▶ [Work item]: Copy exactly and only the lines running from the one that contains "Quick Codes and" to the final line of the data below, without the pictures.
········
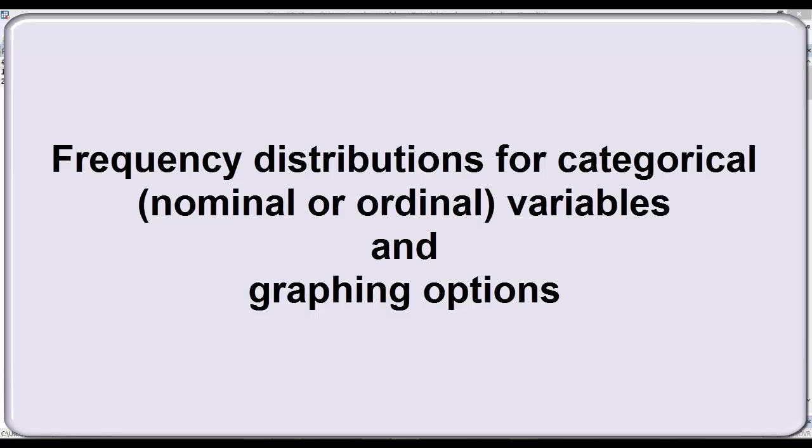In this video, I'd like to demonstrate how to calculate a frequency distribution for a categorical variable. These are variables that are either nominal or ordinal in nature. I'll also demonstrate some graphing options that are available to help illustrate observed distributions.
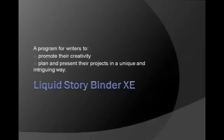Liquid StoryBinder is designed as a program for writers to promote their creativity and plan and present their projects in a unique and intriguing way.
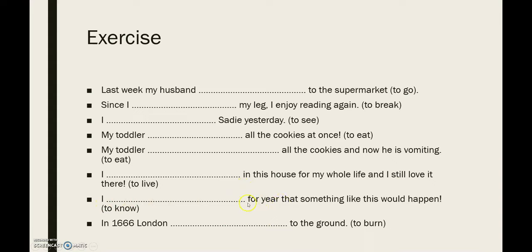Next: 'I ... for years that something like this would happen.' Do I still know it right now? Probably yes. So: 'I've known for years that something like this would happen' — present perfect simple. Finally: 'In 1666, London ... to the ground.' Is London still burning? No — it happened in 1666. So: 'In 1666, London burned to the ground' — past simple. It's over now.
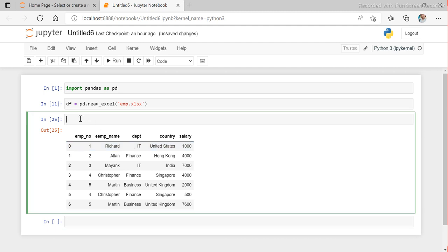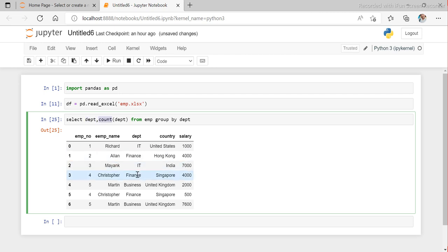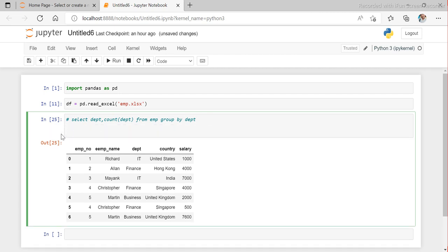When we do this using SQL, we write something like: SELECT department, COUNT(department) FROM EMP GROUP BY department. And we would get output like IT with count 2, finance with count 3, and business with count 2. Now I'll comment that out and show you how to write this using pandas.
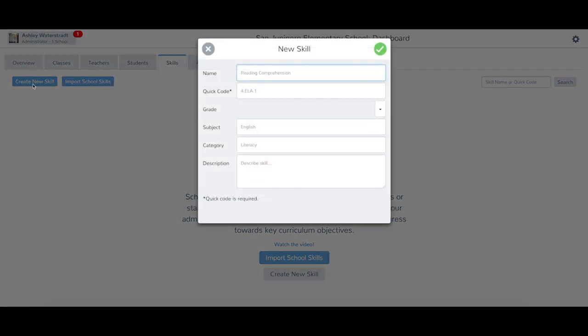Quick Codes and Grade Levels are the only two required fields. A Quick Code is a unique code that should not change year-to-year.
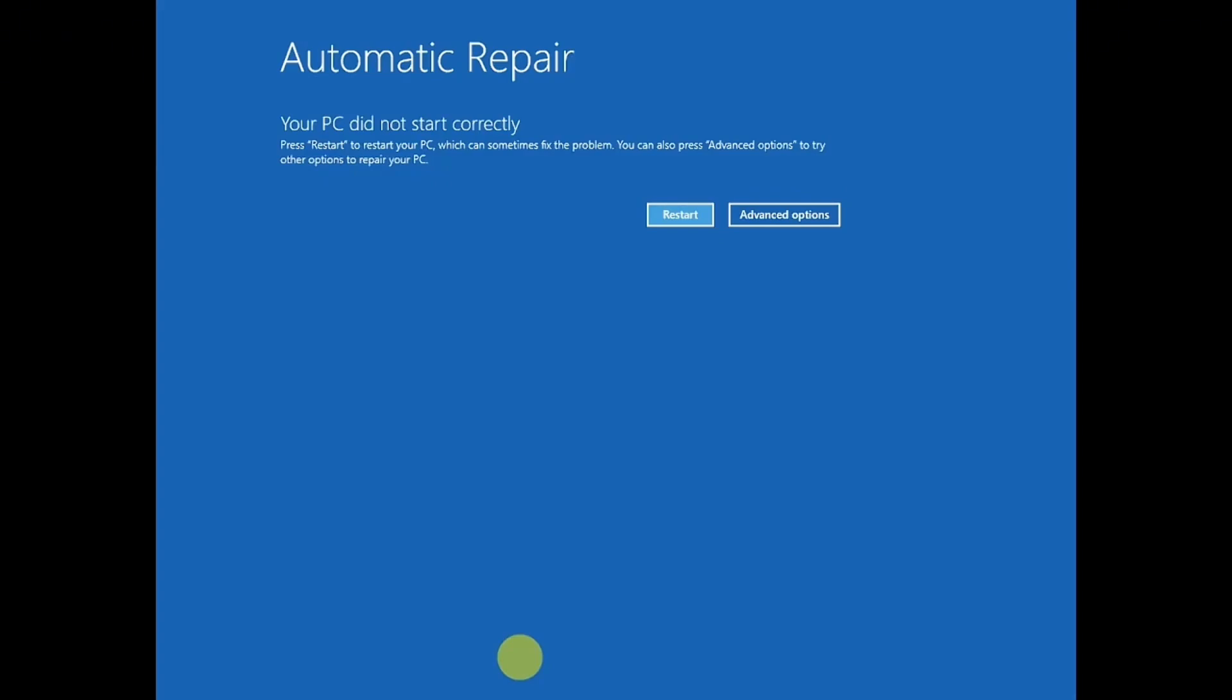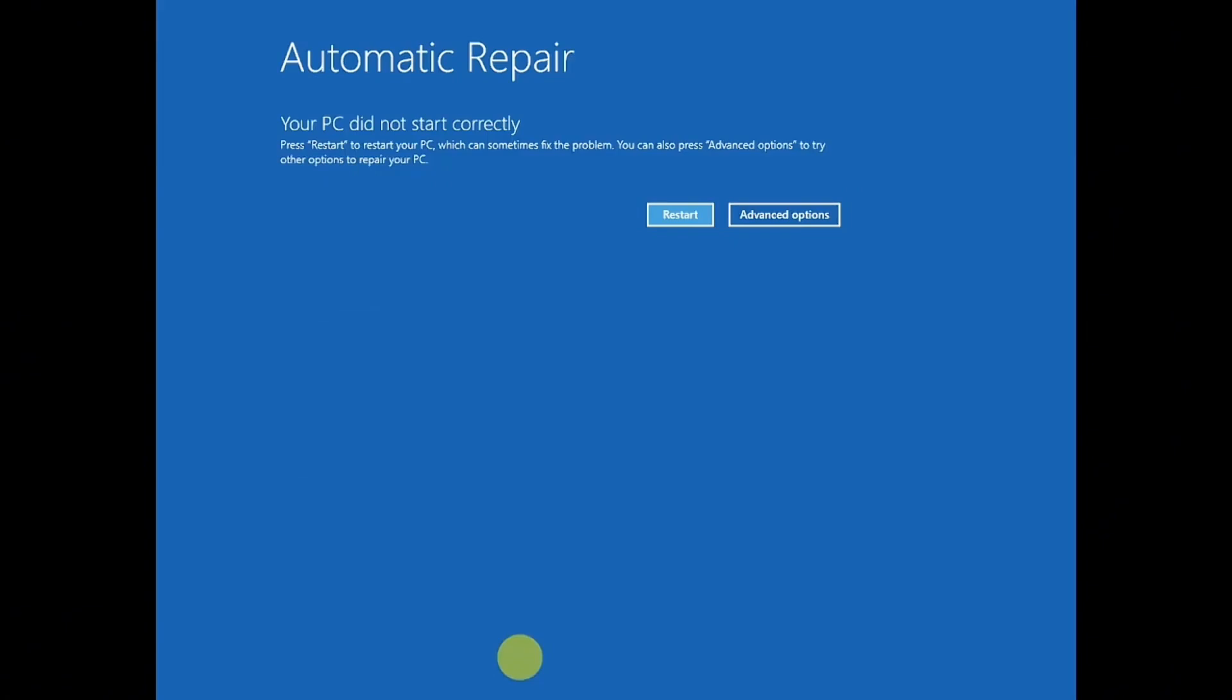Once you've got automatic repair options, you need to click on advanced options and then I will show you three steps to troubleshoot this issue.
········
▶ [Finished exercise]:
Quick Codes and Grade Levels are the only two required fields. A Quick Code is a unique code that should not change year-to-year.
Once you've got automatic repair options, you need to click on advanced options and then I will show you three steps to troubleshoot this issue.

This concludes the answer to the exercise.